OTTAWA — Le vice-amiral Mark Norman prend sa retraite des Forces canadiennes après avoir conclu une «entente acceptable» avec le gouvernement, a annoncé mercredi le ministère de la Défense nationale.
Cette annonce, inattendue, survient plus d’un mois après que les procureurs de la Couronne ont suspendu l’accusation d’abus de confiance portée en mars 2018 contre le commandant en second des forces armées. La Couronne soutenait jusque-là que le vice-amiral Norman, commandant de la Marine, avait divulgué des informations confidentielles du cabinet au chantier naval Davie, de Lévis, pour sauver un contrat conclu par les conservateurs mais réévalué par les libéraux.
Lorsque l’accusation d’abus de confiance a finalement été suspendue en mai, le vice-amiral Norman avait déclaré vouloir reprendre ses fonctions, ce qui avait été bien accueilli par le chef d’état-major de la défense, le général Jonathan Vance. On se demandait aussi, par ailleurs, si M. Norman intenterait une poursuite contre le gouvernement.
Mais dans un bref communiqué publié mercredi, le ministère de la Défense nationale indique qu’«après avoir consulté sa famille, sa chaîne de commandement et son avocat, le vice-amiral Norman a décidé de prendre sa retraite des Forces armées canadiennes».
«Avec l’aide de l’honorable Warren Winkler, ancien juge en chef de la Cour d’appel de l’Ontario, les avocats représentant le gouvernement du Canada et le vice-amiral Mark Norman ont mis fin à des discussions menées en toute bonne foi, lesquelles ont eu pour résultat une entente acceptable pour les deux parties dont les détails demeureront confidentiels», indique le communiqué.
«Les deux parties croient que cette résolution permettra de recentrer l’attention sur le travail essentiel qu’accomplissent les Forces canadiennes, c’est-à-dire assurer la protection de la population canadienne dans son ensemble», poursuit-on. «Le gouvernement du Canada remercie le vice-amiral Norman de ses 38 années de service dévoué et lui souhaite bon succès dans tout ce qu’il entreprendra à l’avenir.»
Ingérence politique?
M. Norman avait été suspendu de l’armée en janvier 2017, pendant que la Gendarmerie royale du Canada menait son enquête; il avait formellement été accusé d’abus de confiance plus d’un an plus tard, en mars 2018. L’ancien commandant de la Marine, qui était vice-chef d’état-major de la défense lorsqu’il a été suspendu, a toujours clamé son innocence, tandis que ses avocats accusaient le gouvernement libéral fédéral d’ingérence politique dans cette affaire.
Alors que les libéraux ont à leur tour nié l’accusation, les conservateurs se sont emparés de l’affaire et de nombreux anciens militaires ont pris la défense du vice-amiral Norman.
Après des mois d’audiences préparatoires au procès, au cours desquelles les avocats de la défense se sont battus pour avoir accès à des milliers de pages de documents secrets du gouvernement, la Couronne a finalement suspendu l’accusation d’abus de confiance le 8 mai.
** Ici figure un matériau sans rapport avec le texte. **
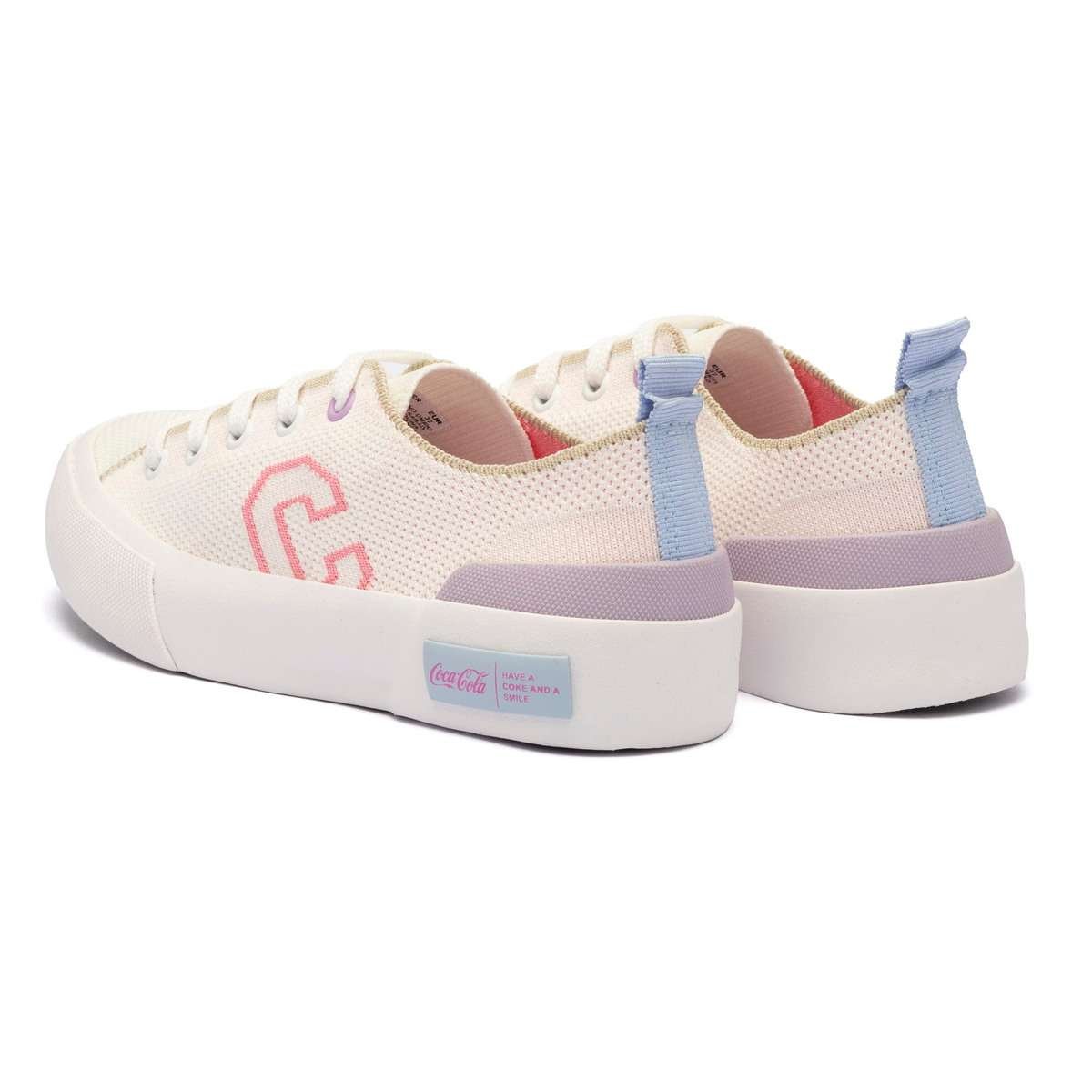 Tênis Coca-Cola Katy Knit Multicolor Bege 3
Les procureurs ont expliqué que de nouvelles informations présentées par la défense ne laissaient aucune perspective raisonnable d’obtenir une condamnation.
M. Norman déclarait alors aux journalistes qu’il avait «une histoire importante à raconter, que les Canadiens voudront et devront entendre». La question est maintenant de savoir si son entente avec le gouvernement l’empêchera de parler. Si tel est le cas, cela pourrait être une bonne nouvelle pour les libéraux, hantés depuis deux ans par cette «affaire Norman».
Le procès, très chargé politiquement, devait s’ouvrir en août — et donc s’inviter littéralement dans la campagne électorale fédérale de l’automne. L’«affaire Norman» risque tout de même de refaire surface au détour de la campagne.